Swann breaks Australia's stride
Posted in NatWest Series
Two runs came to an end yesterday in the north-east: the Great North Run (admittedly it started yesterday too) and England’s losing run in the NatWest Series.
Kenya’s Martin Lel, a three-time winner of the London Marathon, won over half that distance through Newcastle in 59 minutes, 32 seconds.
A few miles south, at the Riverside, England averted a string of seven one-day international defeats and with it an unwanted place in the record books.
Never before had an international side been whitewashed in a seven-match series. Thanks largely to off-spinner Graeme Swann’s first five-wicket haul in ODIs, no side has.
Swann, introduced midway through Australia’s burgeoning innings, immediately had their premier batsmen - Ricky Ponting and Michael Clarke - in trouble.
His fifth delivery deceived Ponting, locating the right-hander’s inside edge and ending a 79-run alliance.
Man-of-the-match Swann bamboozled man-of-the-series Cameron White and James Hopes. Mitchell Johnson managed one typically lusty blow but was caught next ball.
Brett Lee was Swann’s fifth victim, bowled without adding to Australia’s total, sparking a leap in the air from the bowler - no doubt mimicking Lee’s celebration at Lord's a fortnight ago.

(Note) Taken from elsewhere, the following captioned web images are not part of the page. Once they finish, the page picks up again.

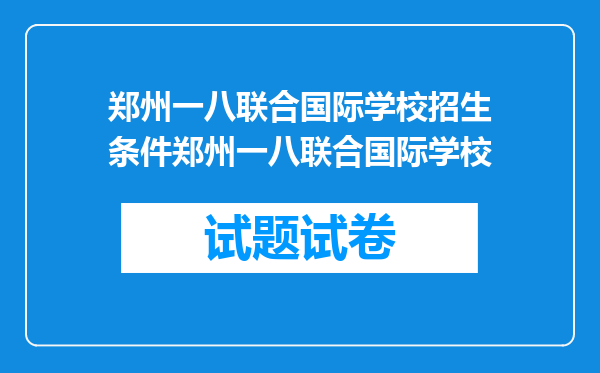 郑州一八联合国际学校招生条件郑州一八联合国际学校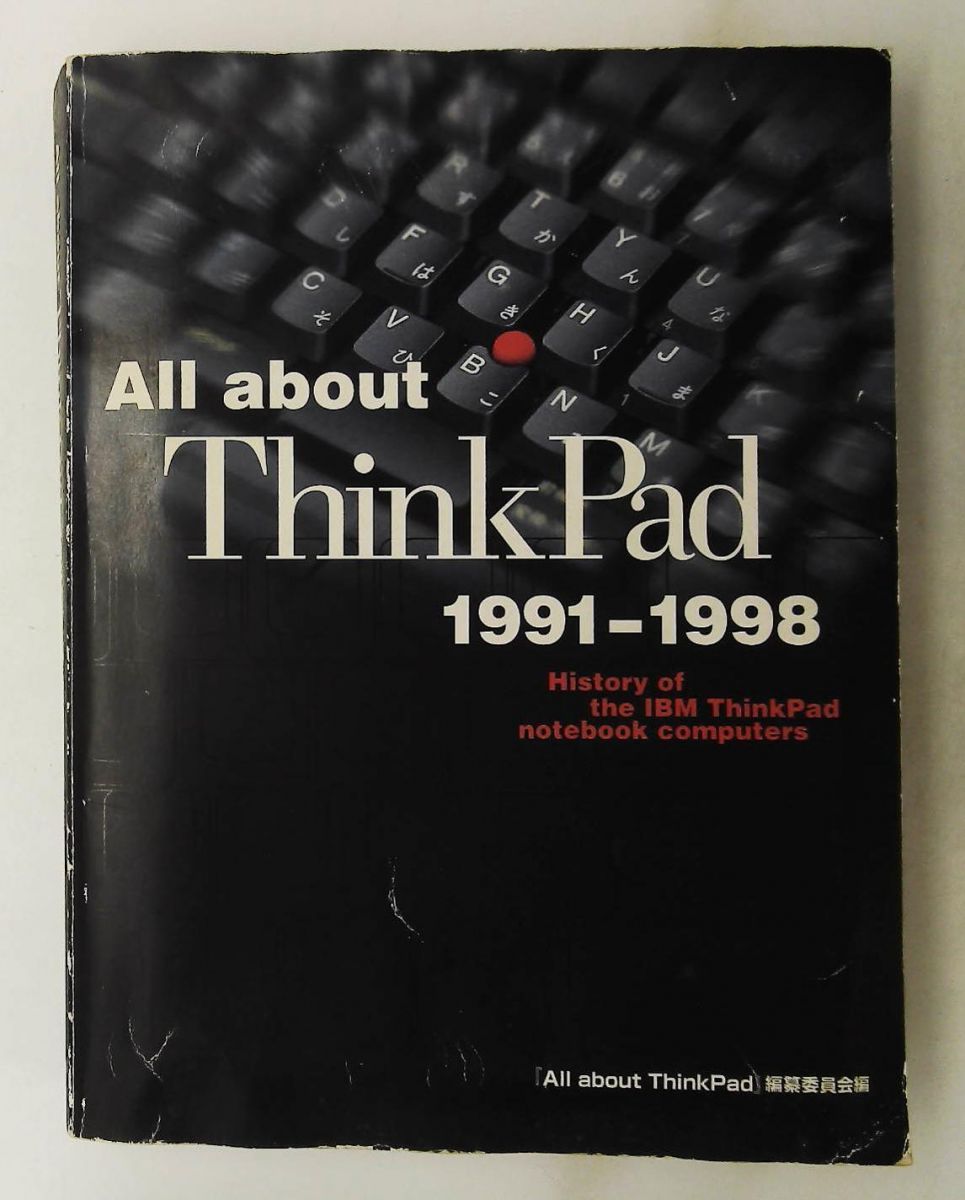 All about ThinkPad 1991‐1998 IBM ThinkPadノートパソコンの歴史 All
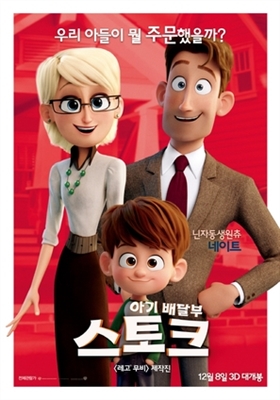 Storks movie posters (2016) puzzle MOV_1874290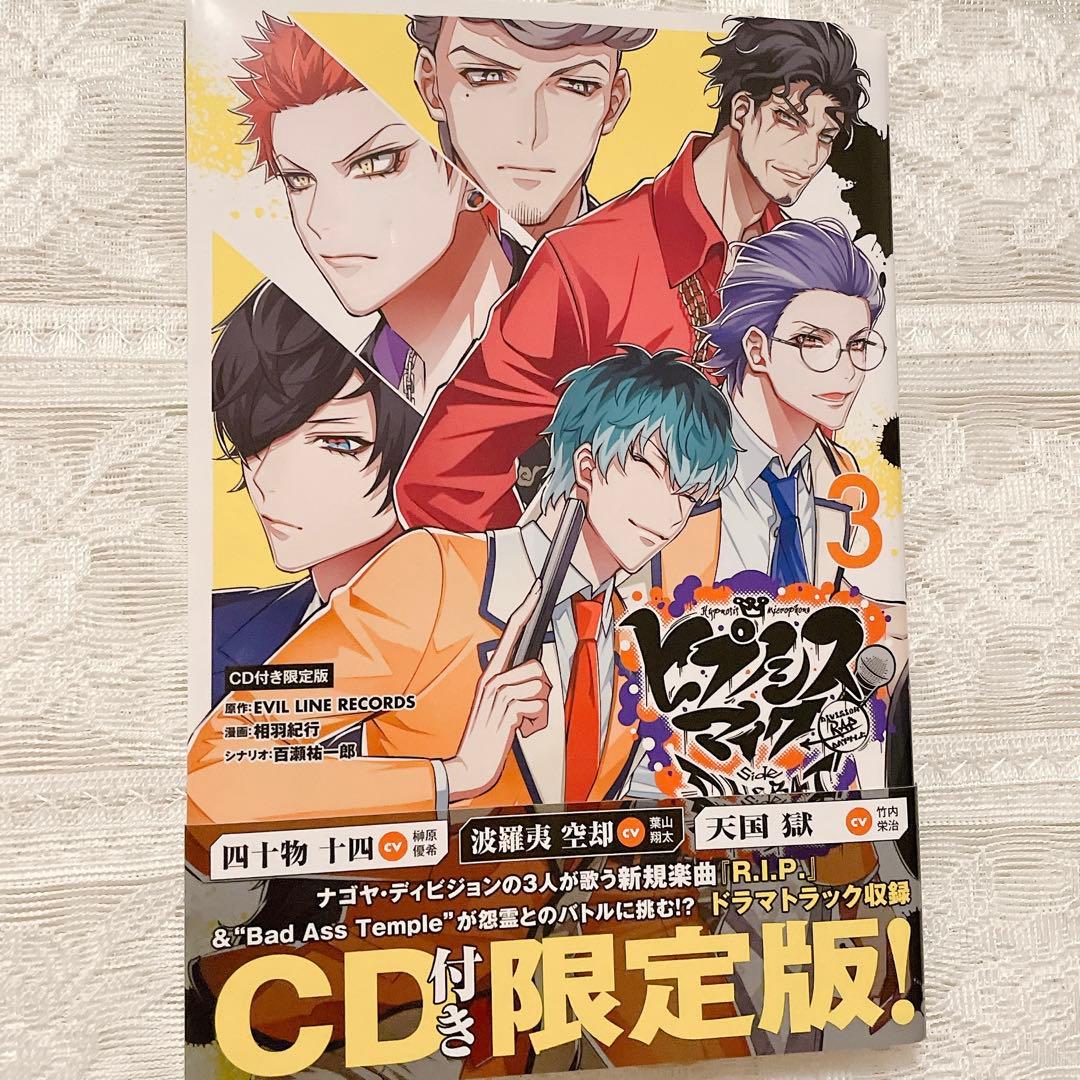 ヒプノシスマイク コミカライズ 3 限定版CD B.A.Tの不思議な事件簿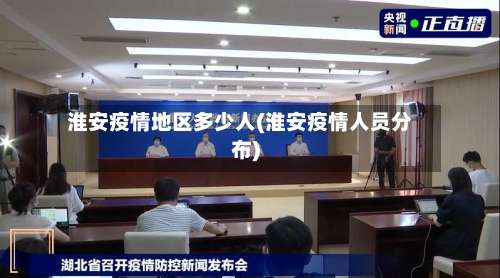 淮安疫情地区多少人(淮安疫情人员分布)-第1张图片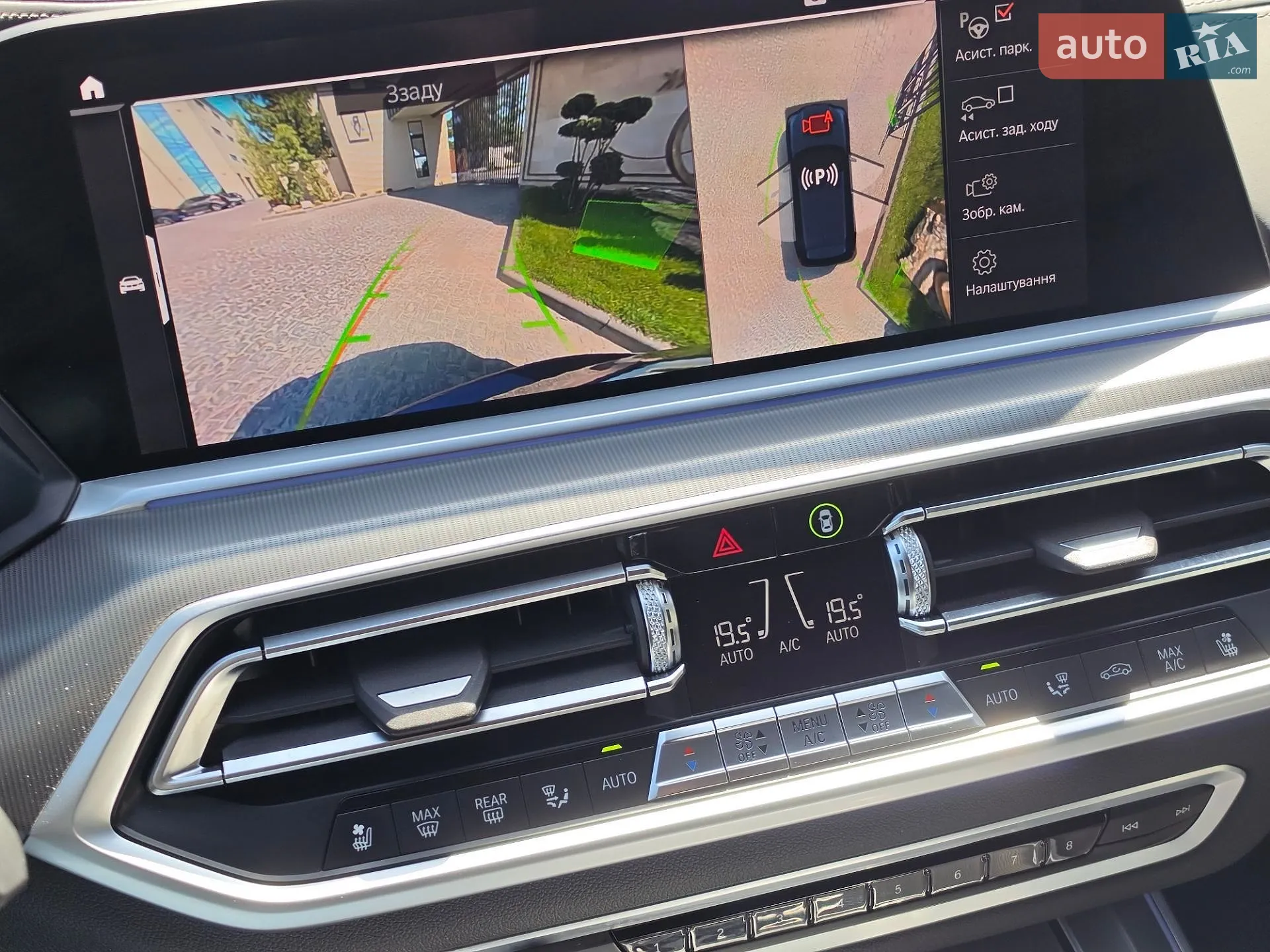 2020 BMW X5 - мініатюра 17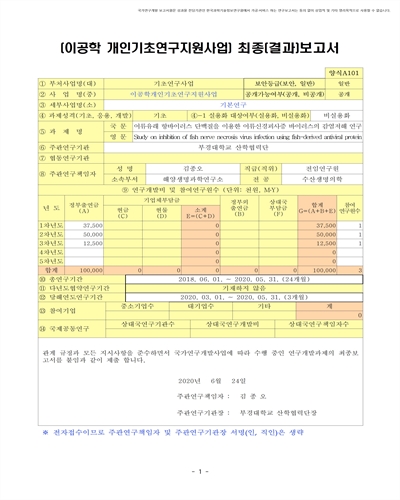 어류유래 항바이러스 단백질을 이용한 어류신경괴사증 바이러스의 감염저해 연구 [전자자료]
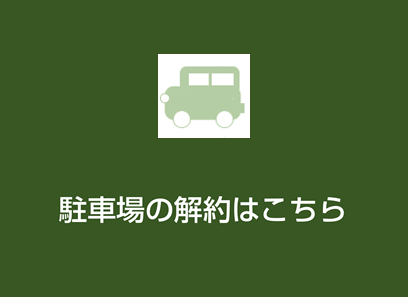 駐車場の解約はこちら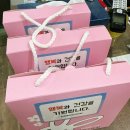 천현동주민센터 | 하남효주야간보호센터 어르신들, 천현동 주민자치회 주관 장수사진 촬영사업 참여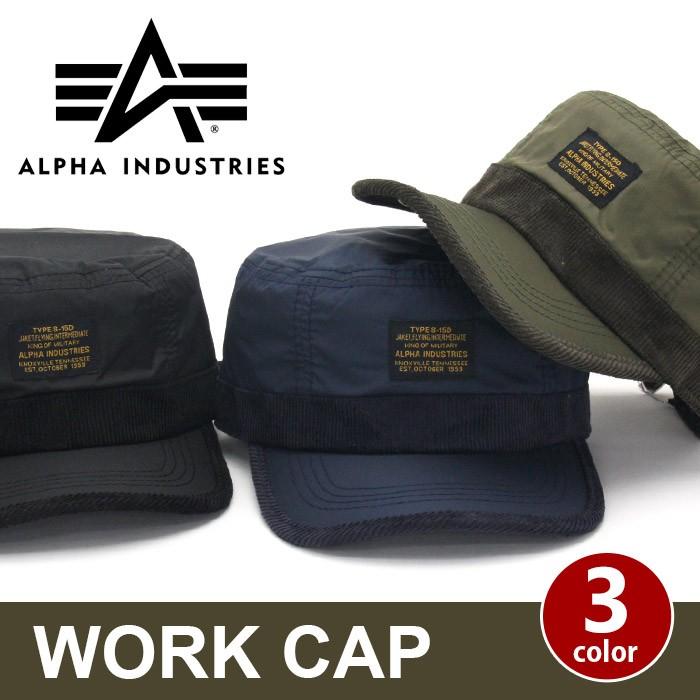 ワークキャップ ALPHA INDUSTRIES アルファ インダストリーズ キャップ レディース メンズ ブランド | Alpha Industries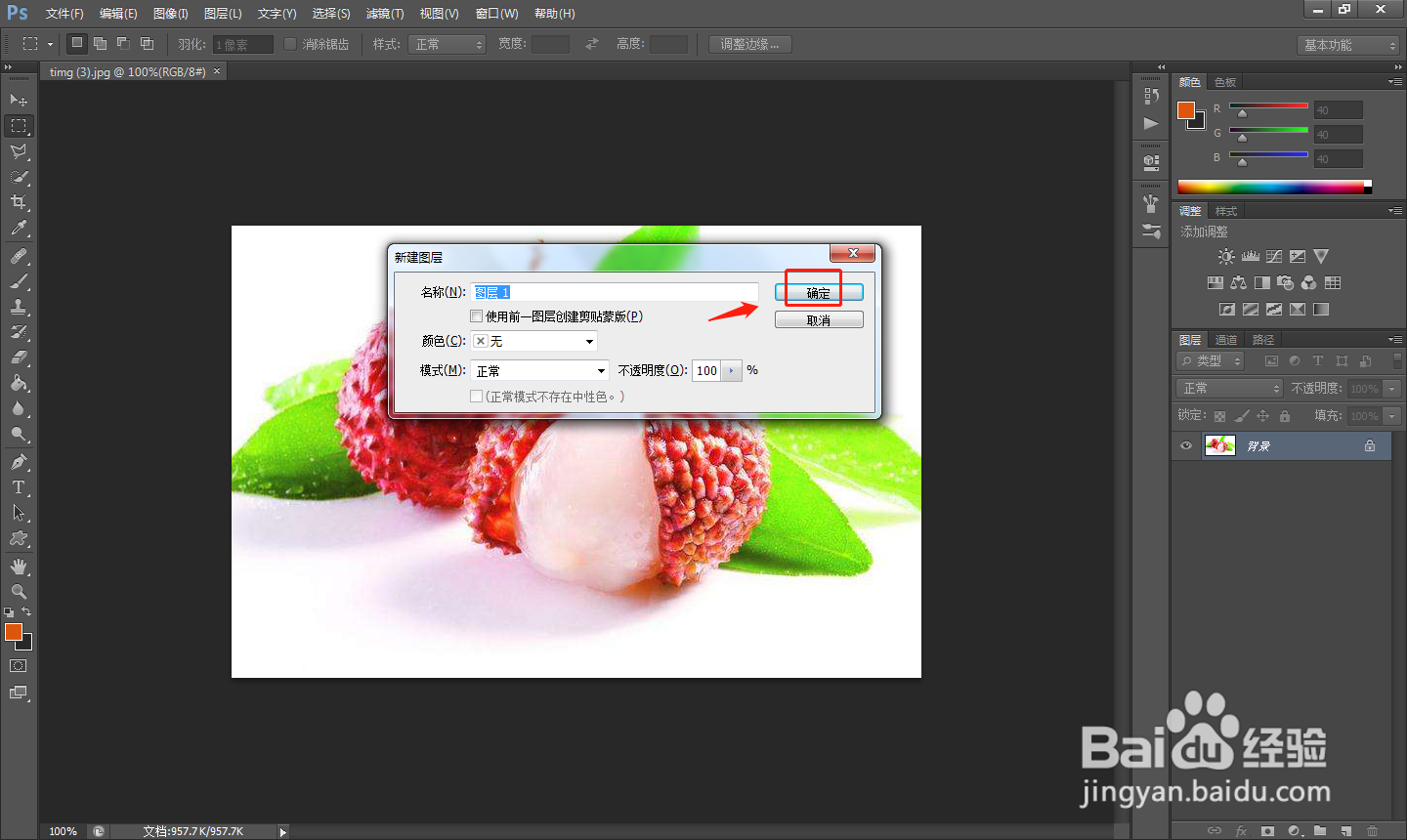 PS中如何设置深祖母绿照片滤镜效果？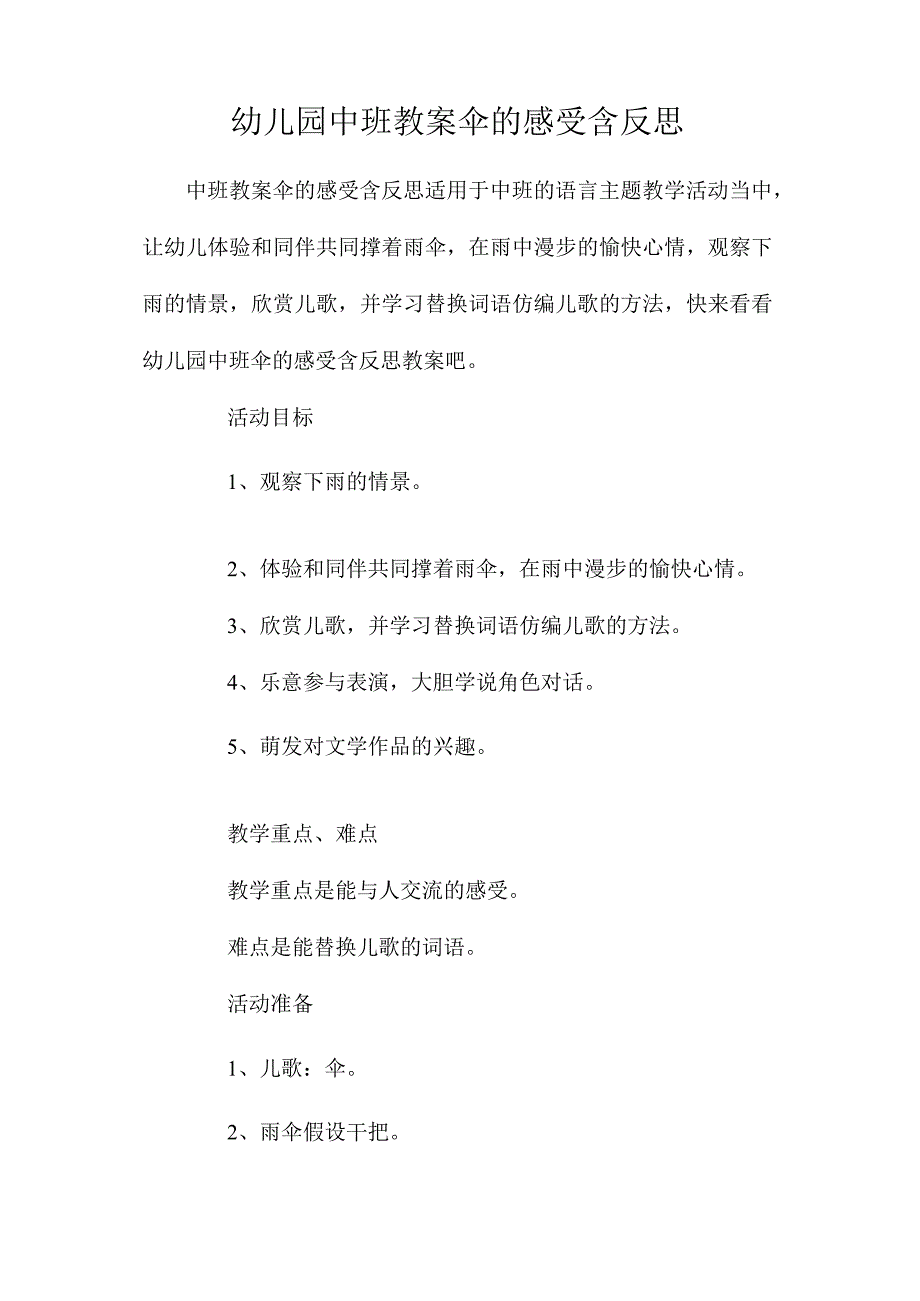 最新整理幼儿园中班教案《伞的感受》含反思.docx_第1页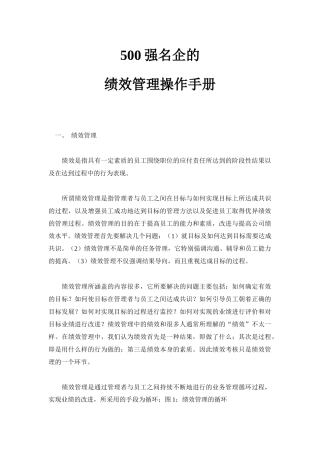 绩效管理与绩效指标的体系建立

If Lee was riled, the paceman was denied the opportunity to bowl at Swann, who was next in when the hosts reached their target with four wickets and 10 overs to spare.
Swann’s one-day best 5-28 represented a welcome addition to the record books. However, it is not was not the defining moment of Swann’s, nor England’s, summer.
That came late on the afternoon of Sunday 23 August when Swann found the inside edge of Mike Hussey’s bat, Alastair Cook clasping the ball safely at short-leg. England had regained the Ashes.
Although the summer of 2009 will ultimately be remembered for the Test series against Australia, the NatWest Series that followed must not be forgotten.
Andrew Strauss’ side competed with their opponents at times but, in contrast to the Ashes, it was was Ricky Ponting’s men who won the crucial moments - to the tune of 6-1.
Lessons must be learned, quickly, with England’s ICC Champions Trophy campaign starting on Friday against Sri Lanka in Johannesburg. Australia have the luxury of an extra day to prepare to face West Indies at the same venue.
Both England and Australia, who cannot meet again until the competition’s knockout stages, travelled to South Africa today after a gruelling summer.
For England it began on May 6, a Wednesday start for the West Indies Test at Lord’s, 136 days prior to yesterday’s climax.
For those Australians who have been involved throughout - even Ponting was afforded a trip home after the Ashes - it began later that month.
An early exit from the ICC World Twenty20 in June earned the tourists an extra week of Ashes ‘preparation’ - in Leicester.
However, a whirlwind Test series quickly gathered momentum, climaxing at the Brit Oval on a memorable, sun-drenched day. Almost a month later, the Riverside was similarly lit up yesterday. On both occasions Swann shone.